REQUIRED ACTION
All of the data is to be printed exactly, though the images must be left off.

[Short descriptive text snippets]
Content starts
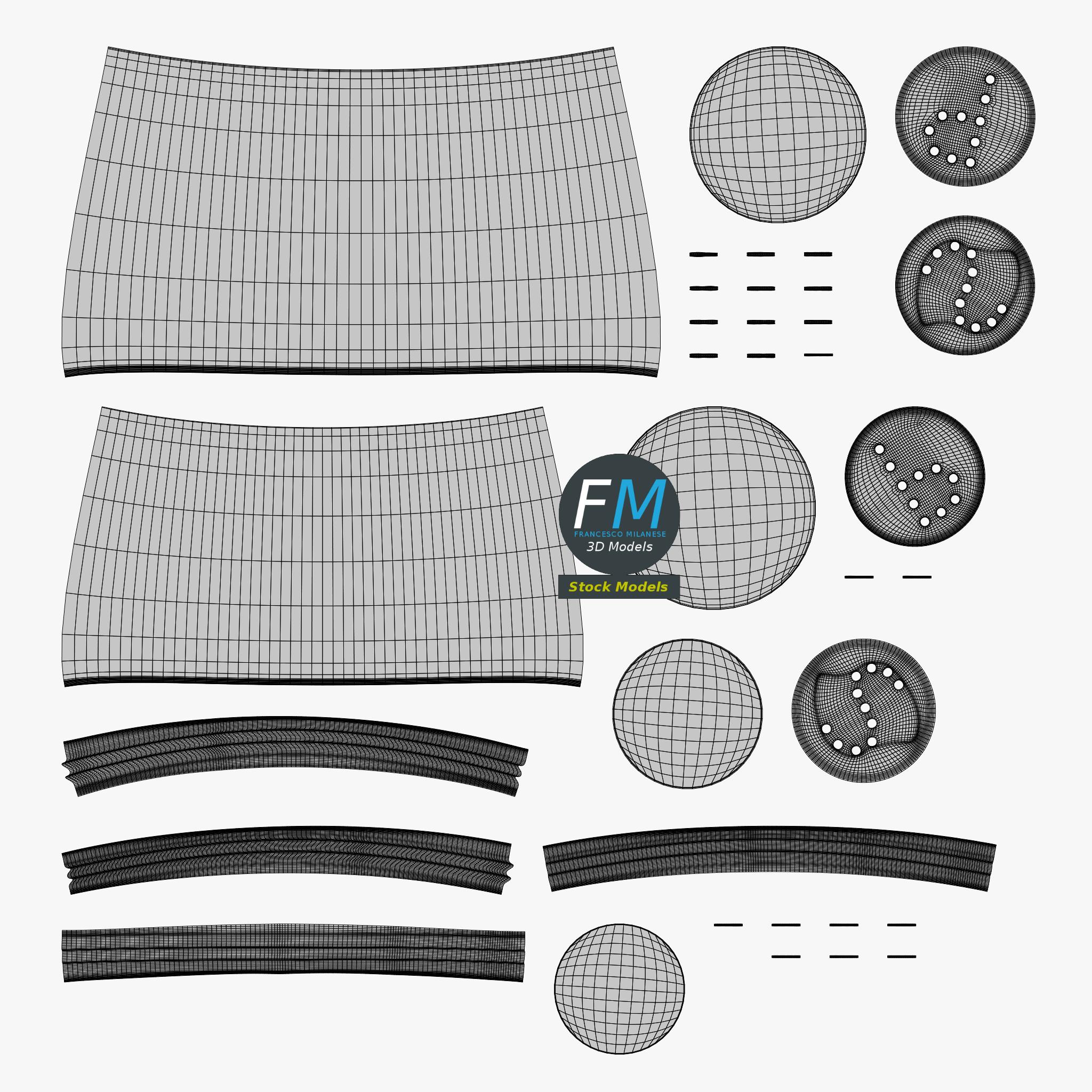 3D-Modell - Salz- und Pfefferstreuer aus Glas - 11
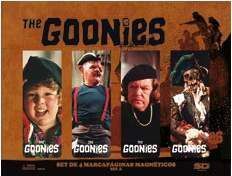 LOS GOONIES PUNTO DE LIBRO MAGNETICO SET A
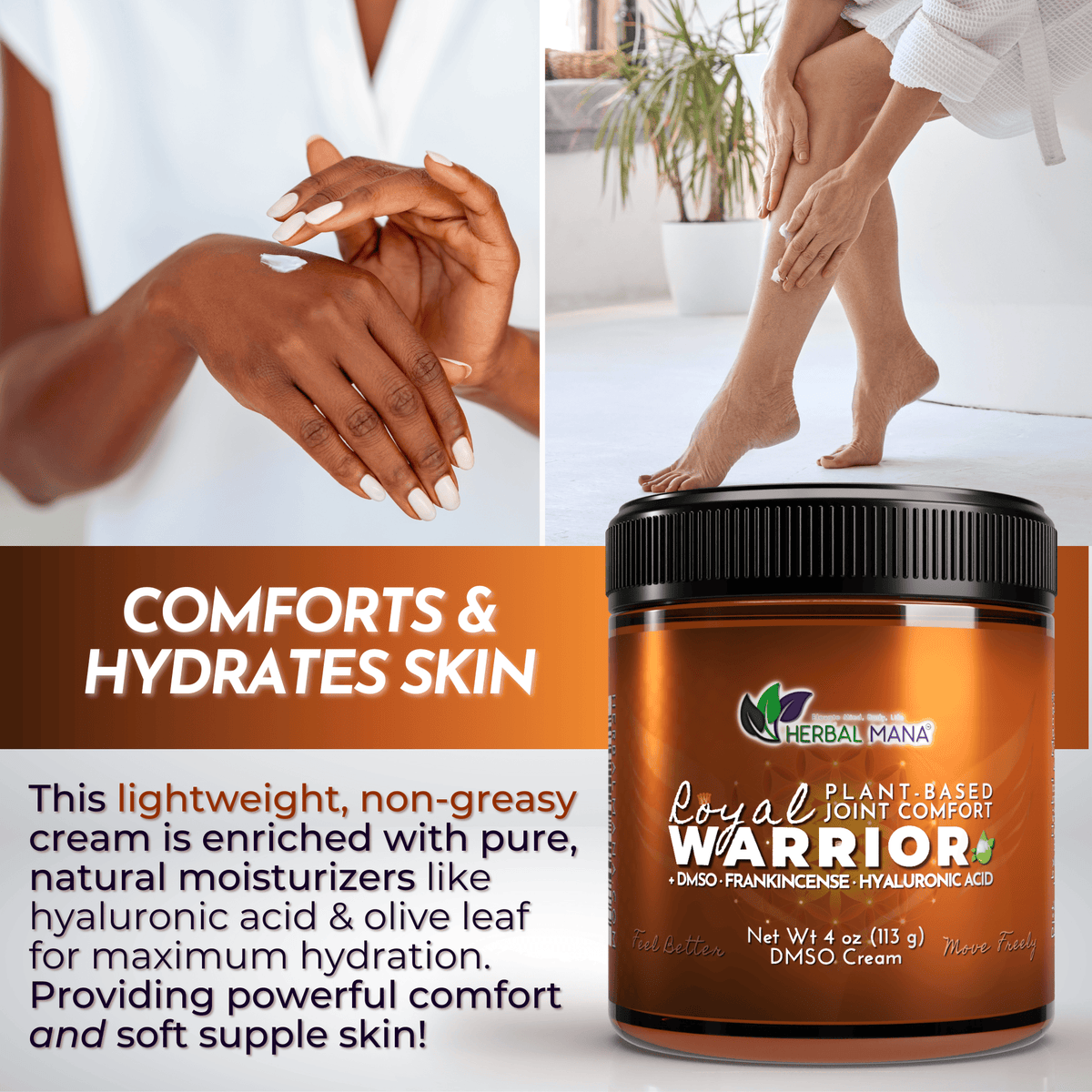 Crème au DMSO et à l'encens pour les douleurs articulaires | Royal Warrior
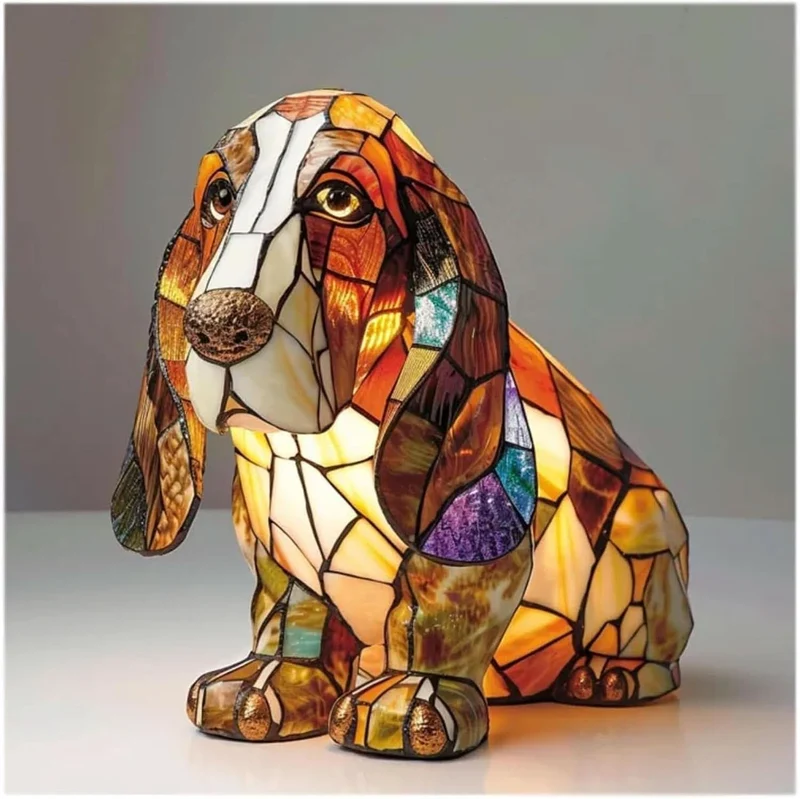 Artistic cozy LED lamp with animal patterns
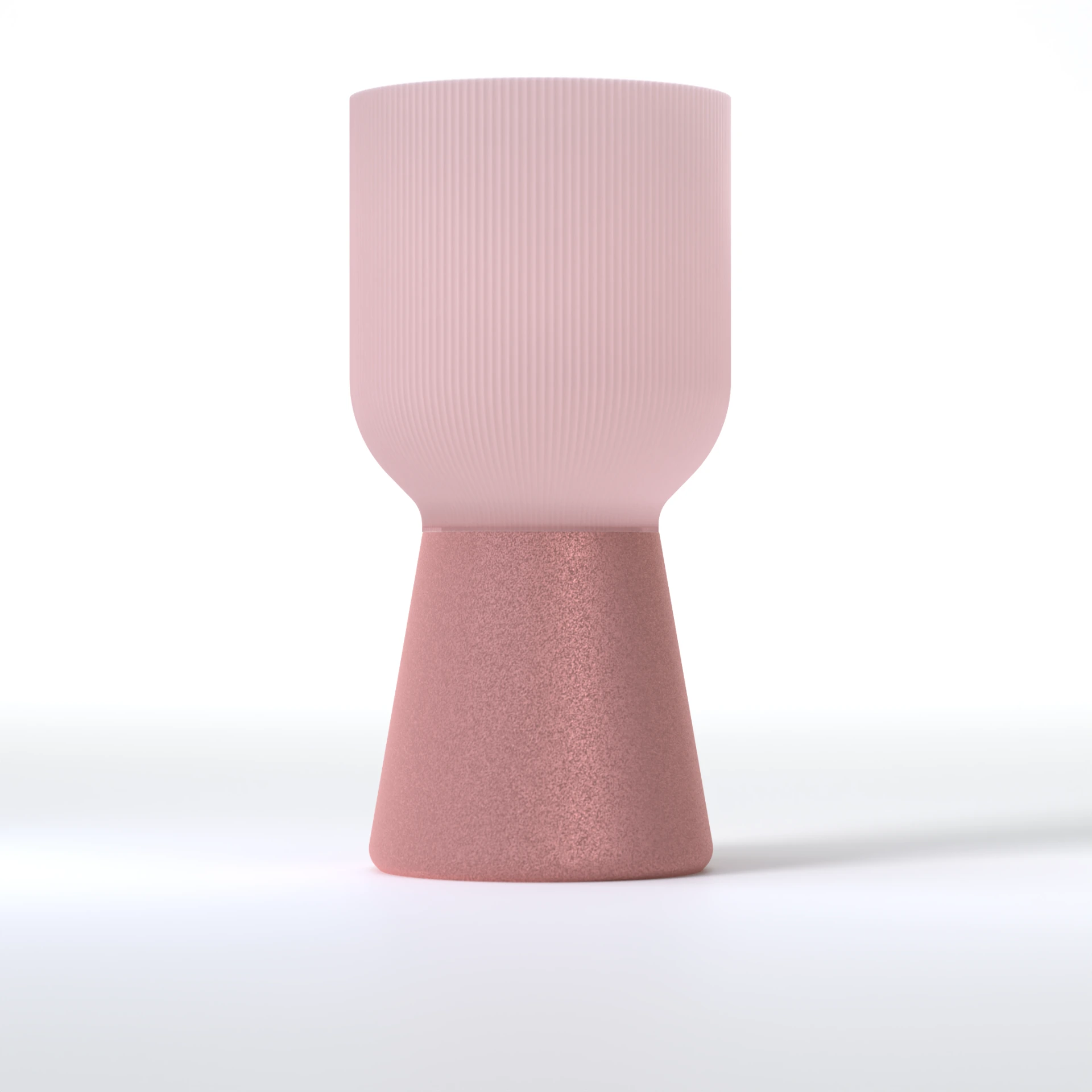 Leah-variant i rosa / rosa delvis gjennomsiktig utførelse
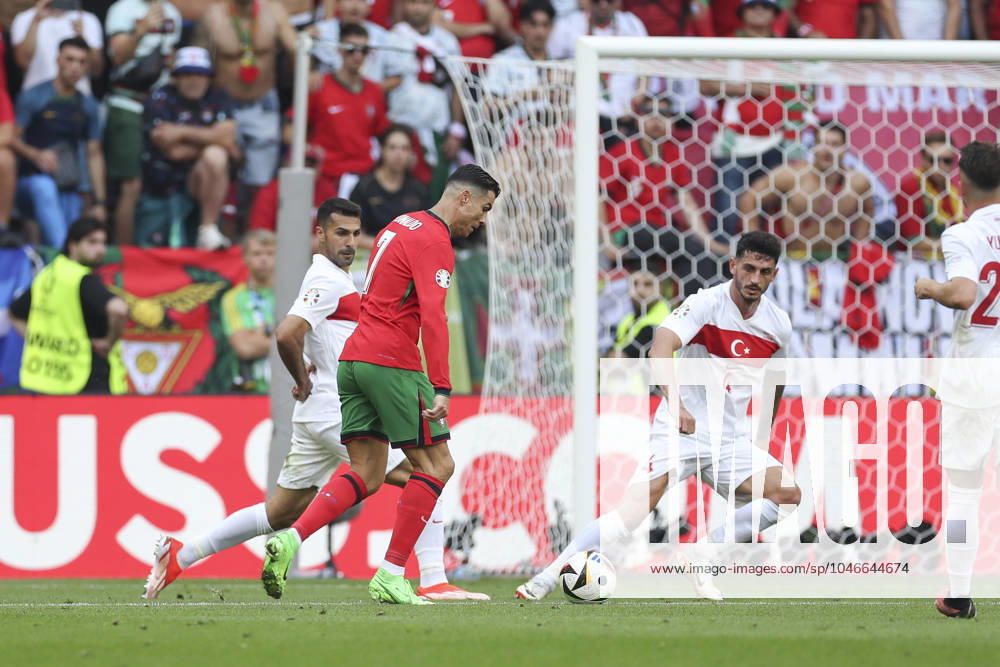 Turkey v Portugal, Dortmund Portugal Cristiano Ronaldo shoots at goal during the Turkey vs Portugal UEFA Group F match at the BVB Stadion, Dortmund, Germany on 22 June 2024 Editorial use only. All images are copyright Every Second Media Limited. No images may be reproduced without prior permission.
Content ends
ANSWER SECTION
 3D-Modell - Salz- und Pfefferstreuer aus Glas - 11
 LOS GOONIES PUNTO DE LIBRO MAGNETICO SET A
 Crème au DMSO et à l'encens pour les douleurs articulaires | Royal Warrior
 Artistic cozy LED lamp with animal patterns
 Leah-variant i rosa / rosa delvis gjennomsiktig utførelse
 Turkey v Portugal, Dortmund Portugal Cristiano Ronaldo shoots at goal during the Turkey vs Portugal UEFA Group F match at the BVB Stadion, Dortmund, Germany on 22 June 2024 Editorial use only. All images are copyright Every Second Media Limited. No images may be reproduced without prior permission.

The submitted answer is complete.